WORK TO COMPLETE — Print exactly the lines from the one that contains "Beautiful Sun Floral" through the final line of the entries below, both included, and nothing else; omit the pictures.

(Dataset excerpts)
· · · · ·
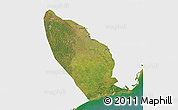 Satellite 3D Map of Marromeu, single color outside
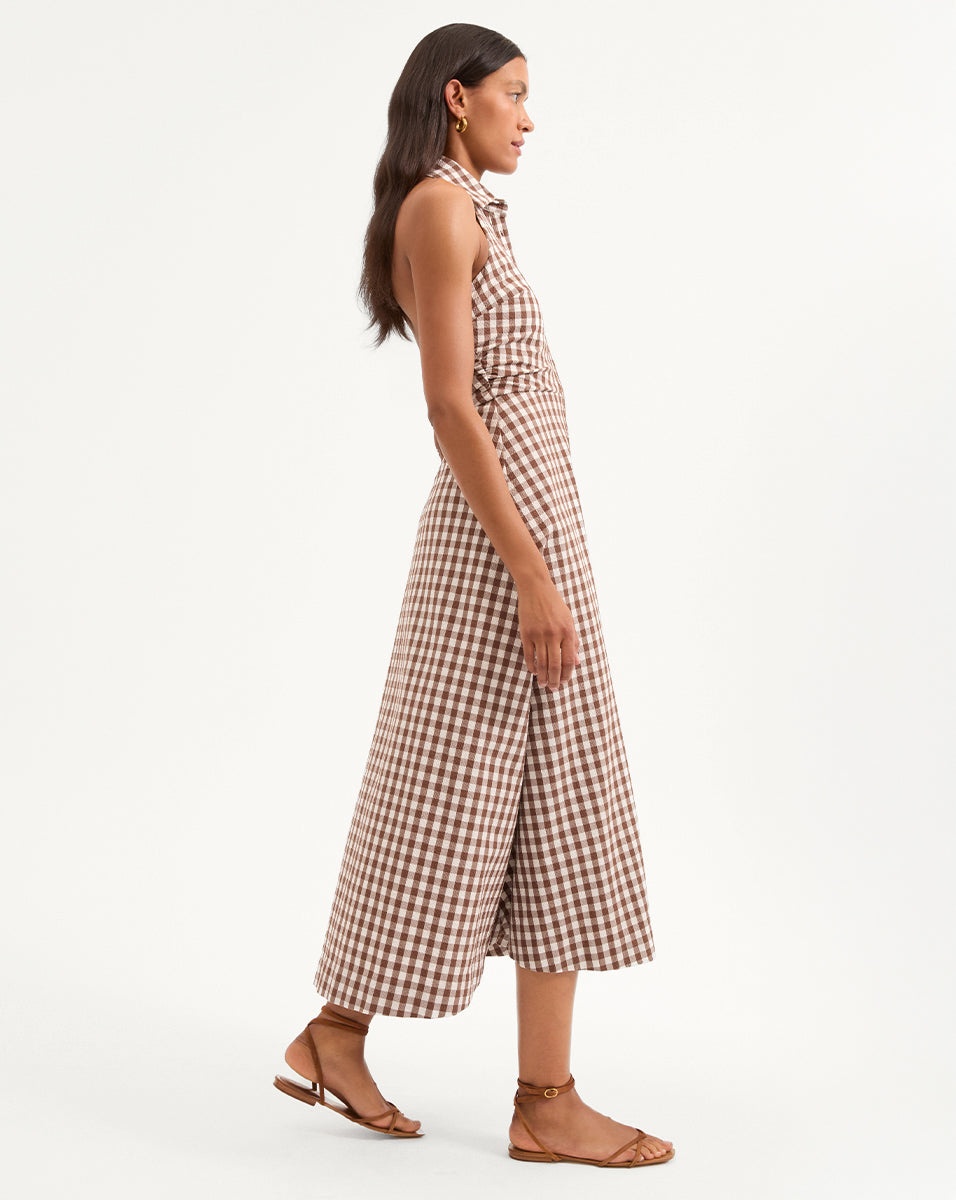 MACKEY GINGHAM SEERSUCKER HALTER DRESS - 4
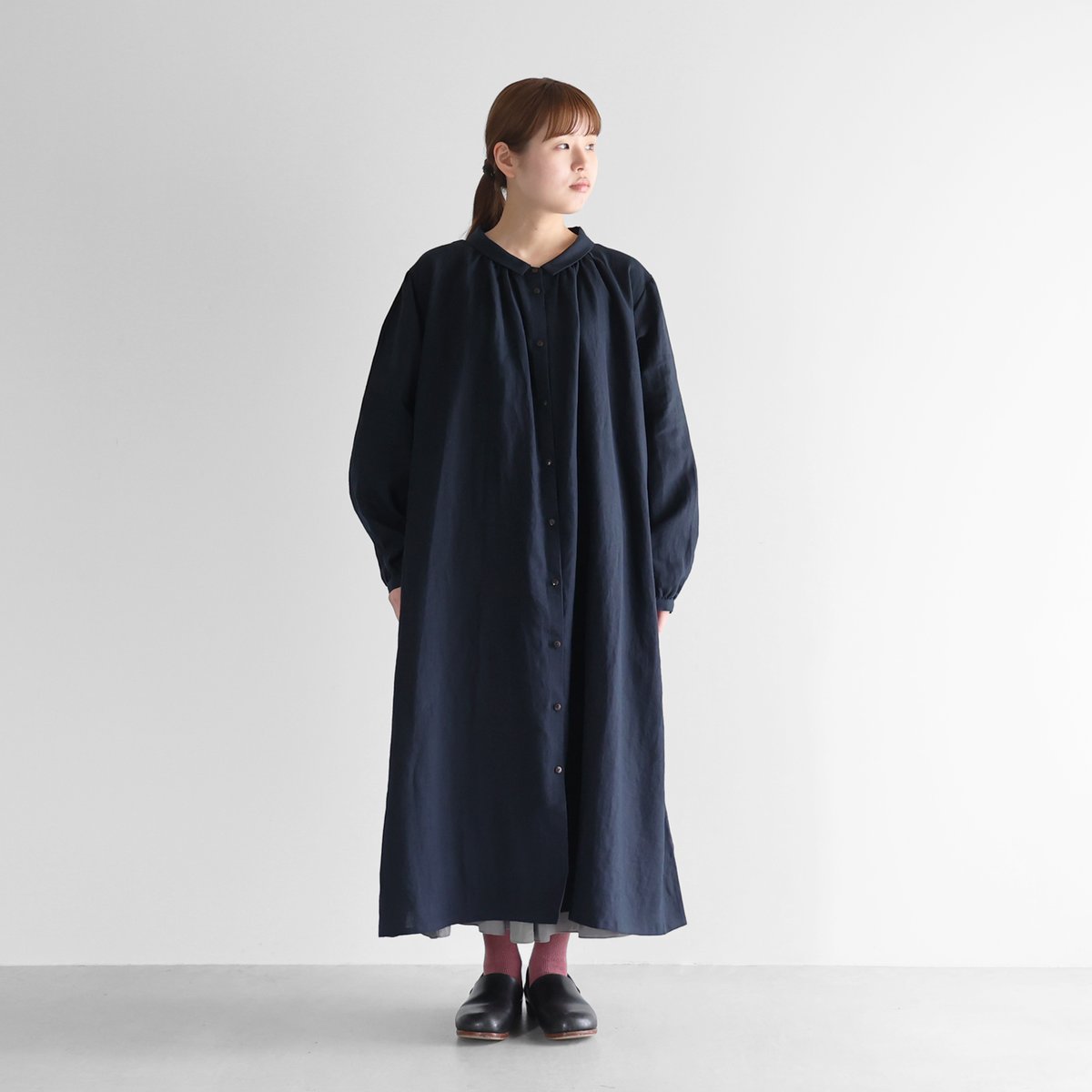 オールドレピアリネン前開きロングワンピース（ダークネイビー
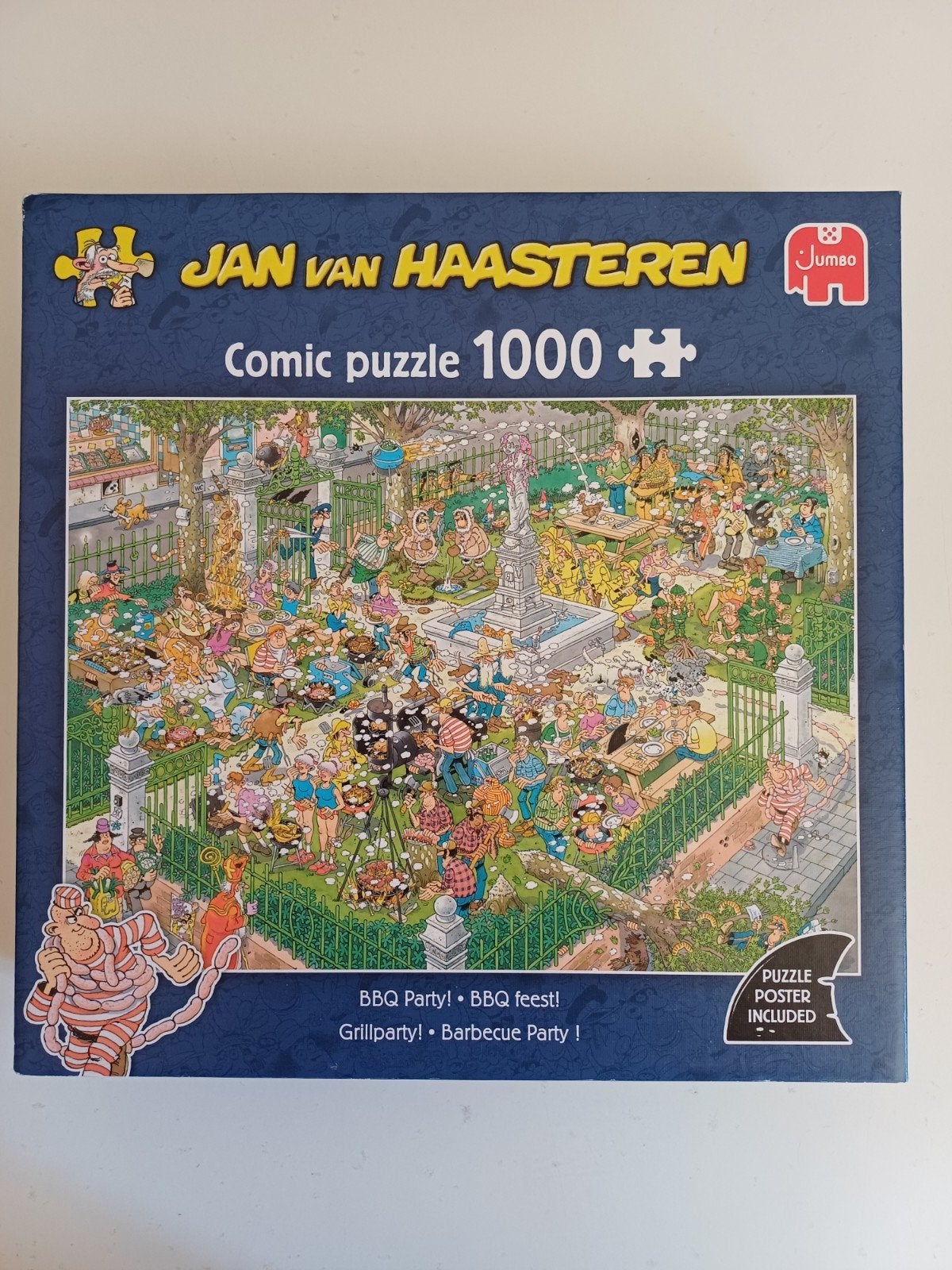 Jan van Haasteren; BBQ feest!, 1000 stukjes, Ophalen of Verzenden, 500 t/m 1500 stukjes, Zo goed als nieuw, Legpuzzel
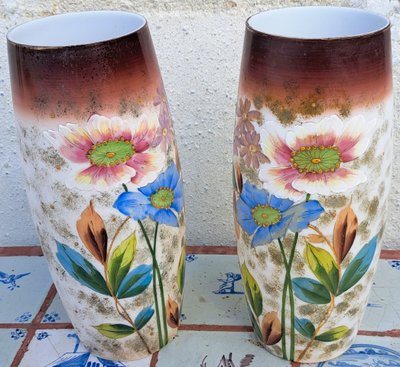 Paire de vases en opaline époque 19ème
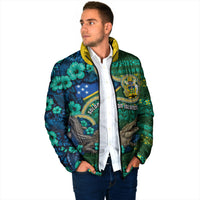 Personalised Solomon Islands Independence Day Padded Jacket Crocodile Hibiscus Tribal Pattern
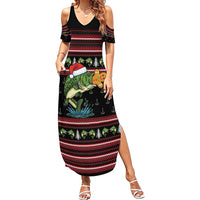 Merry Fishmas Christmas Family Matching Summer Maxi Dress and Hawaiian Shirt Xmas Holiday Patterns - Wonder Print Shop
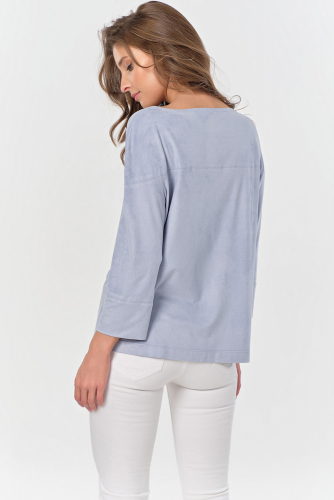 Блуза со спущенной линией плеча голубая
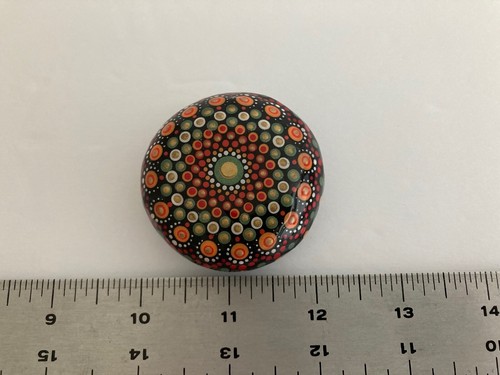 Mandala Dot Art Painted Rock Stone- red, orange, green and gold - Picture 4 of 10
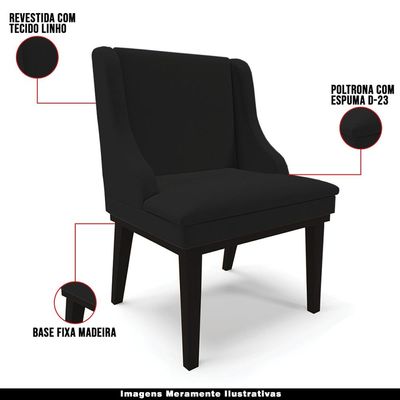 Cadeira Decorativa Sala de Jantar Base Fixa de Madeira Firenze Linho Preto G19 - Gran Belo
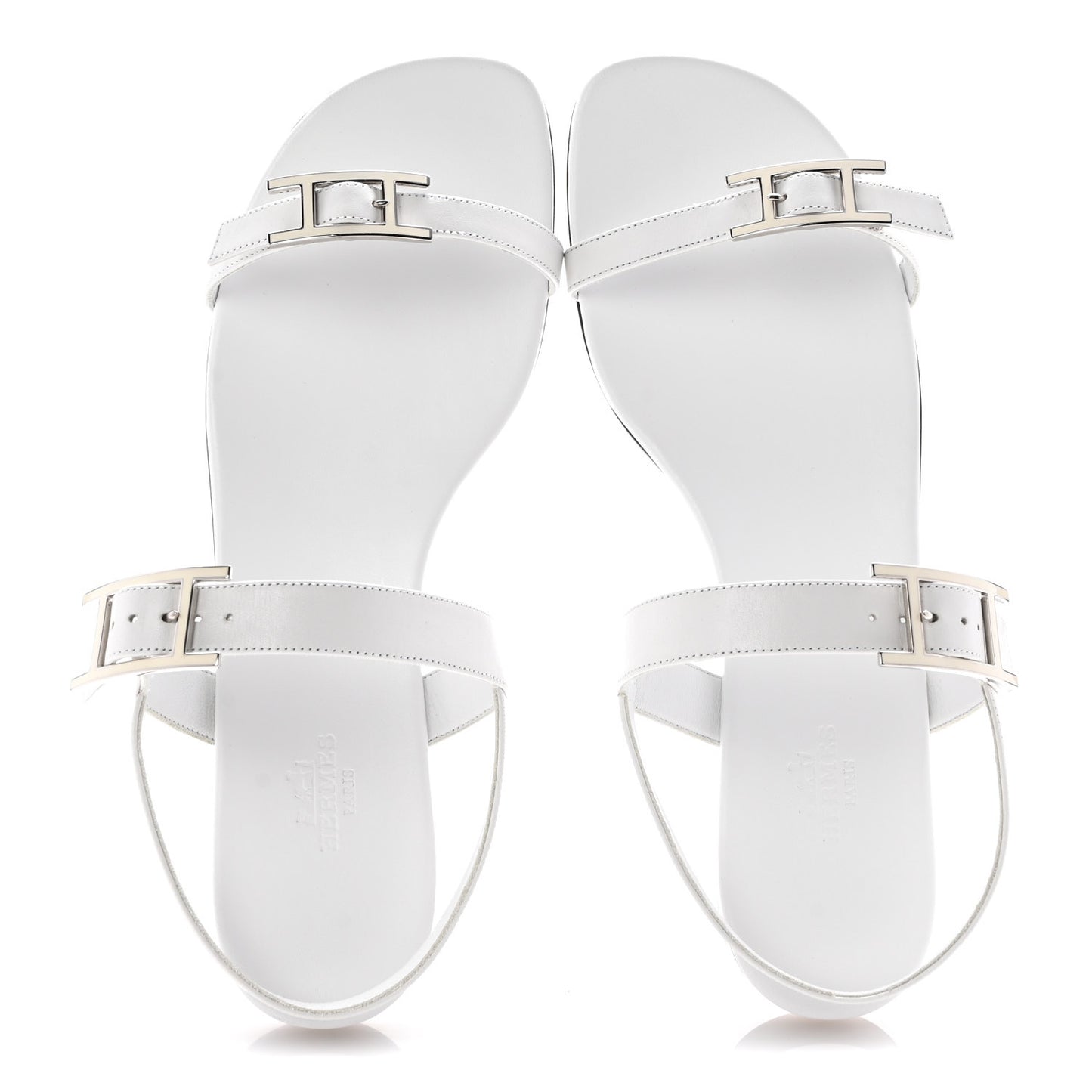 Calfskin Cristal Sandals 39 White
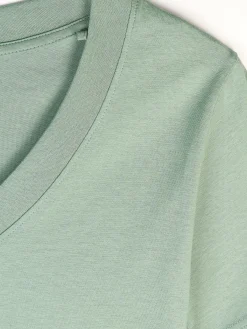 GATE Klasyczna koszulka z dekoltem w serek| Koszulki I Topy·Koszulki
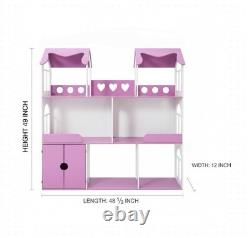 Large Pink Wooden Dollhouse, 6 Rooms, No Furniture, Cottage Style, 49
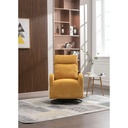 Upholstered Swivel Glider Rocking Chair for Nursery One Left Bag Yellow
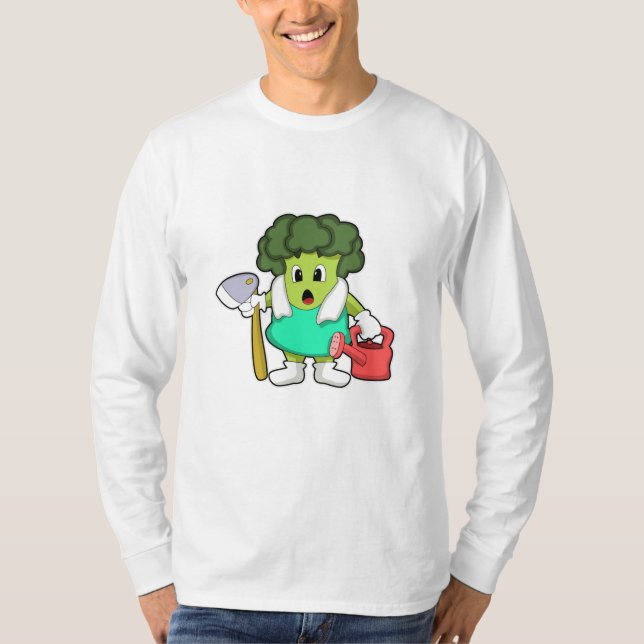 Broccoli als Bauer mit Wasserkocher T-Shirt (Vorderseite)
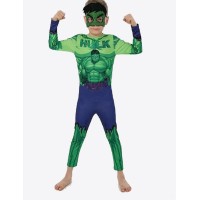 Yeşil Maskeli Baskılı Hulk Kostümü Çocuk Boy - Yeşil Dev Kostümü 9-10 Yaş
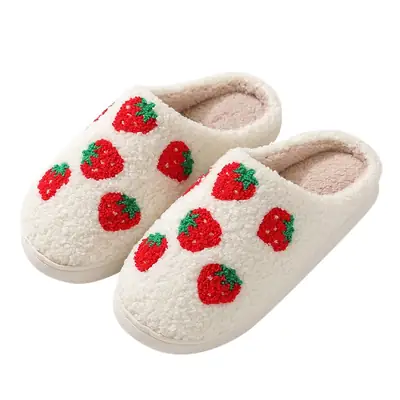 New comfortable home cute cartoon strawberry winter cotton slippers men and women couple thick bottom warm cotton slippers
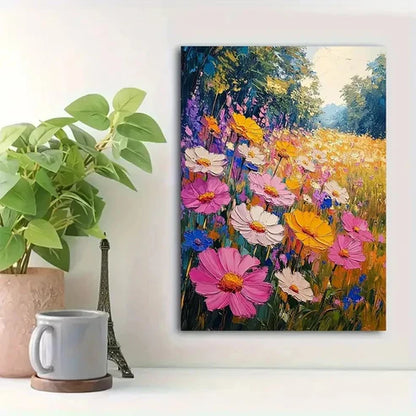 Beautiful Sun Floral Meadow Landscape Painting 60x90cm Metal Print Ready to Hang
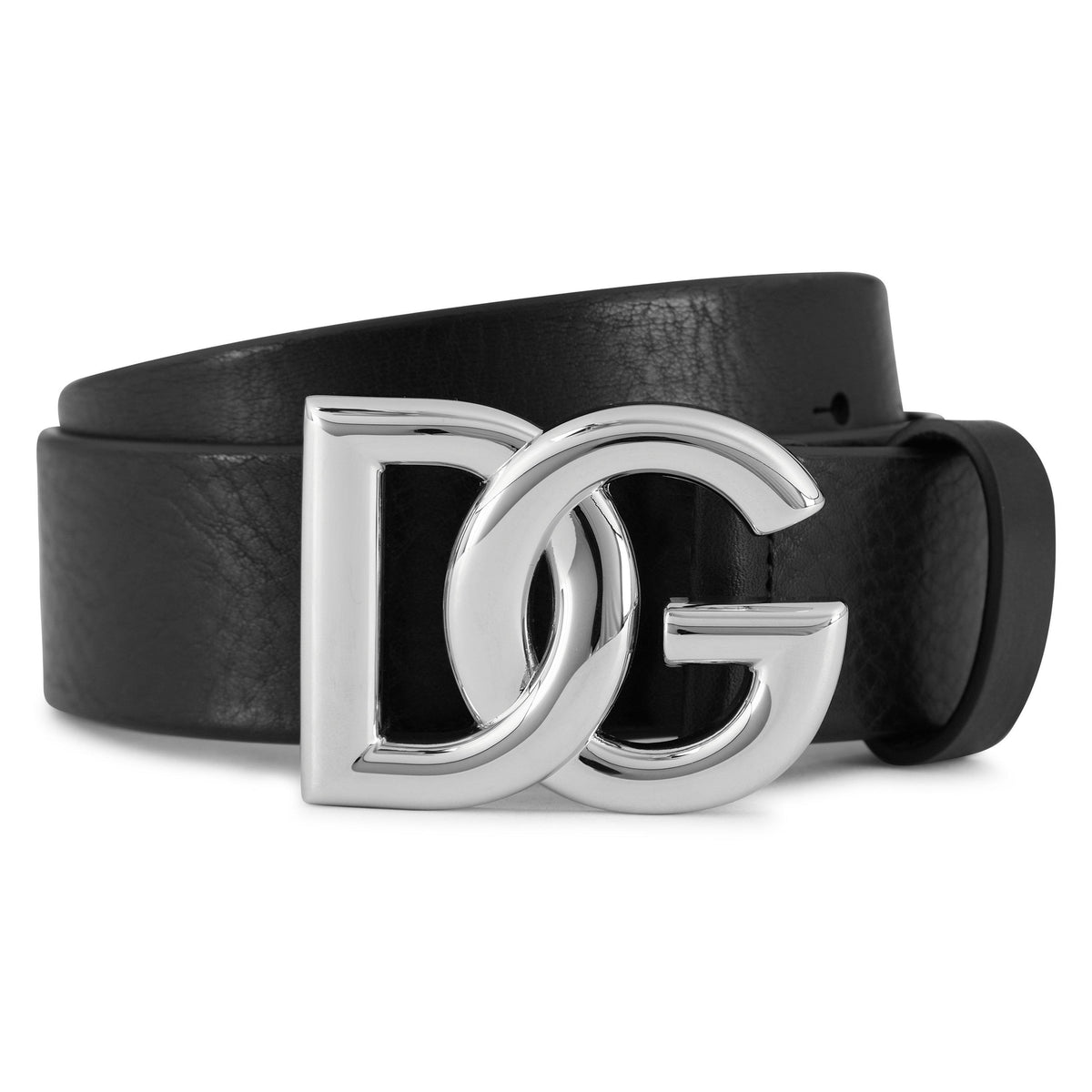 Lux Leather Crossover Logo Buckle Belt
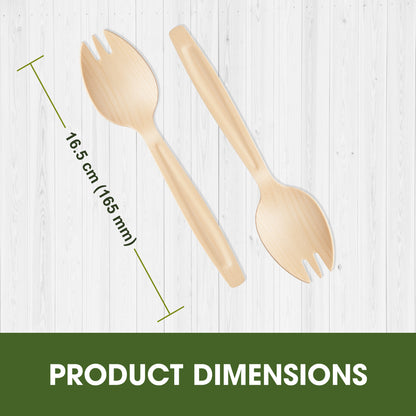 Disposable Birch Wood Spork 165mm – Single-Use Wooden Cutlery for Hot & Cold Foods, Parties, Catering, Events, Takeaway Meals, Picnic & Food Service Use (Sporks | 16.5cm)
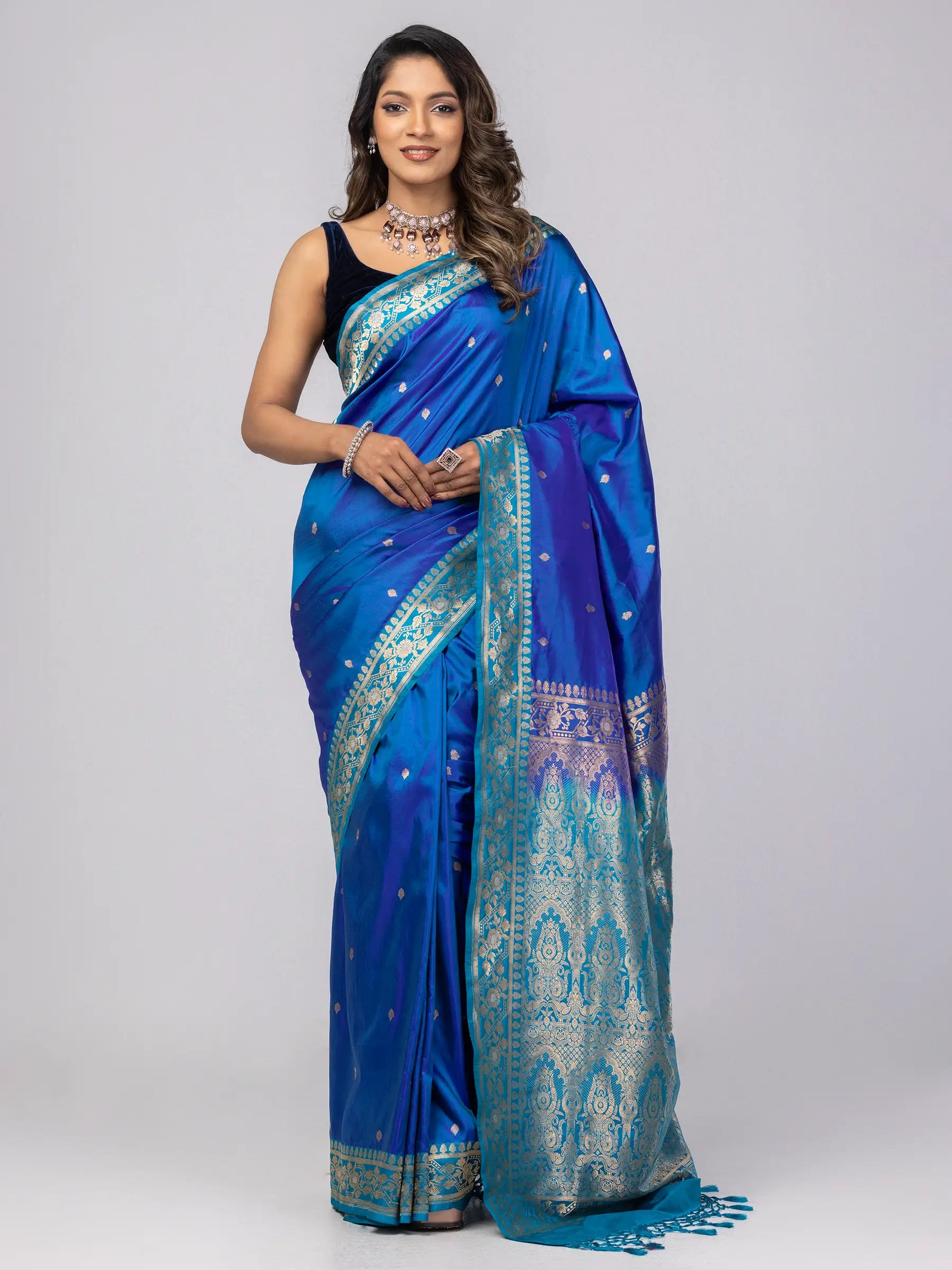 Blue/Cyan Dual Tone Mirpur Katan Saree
· · · · ·
WRITTEN RESPONSE —
 Beautiful Sun Floral Meadow Landscape Painting 60x90cm Metal Print Ready to Hang
 Lux Leather Crossover Logo Buckle Belt
 Disposable Birch Wood Spork 165mm – Single-Use Wooden Cutlery for Hot & Cold Foods, Parties, Catering, Events, Takeaway Meals, Picnic & Food Service Use (Sporks | 16.5cm)
 Blue/Cyan Dual Tone Mirpur Katan Saree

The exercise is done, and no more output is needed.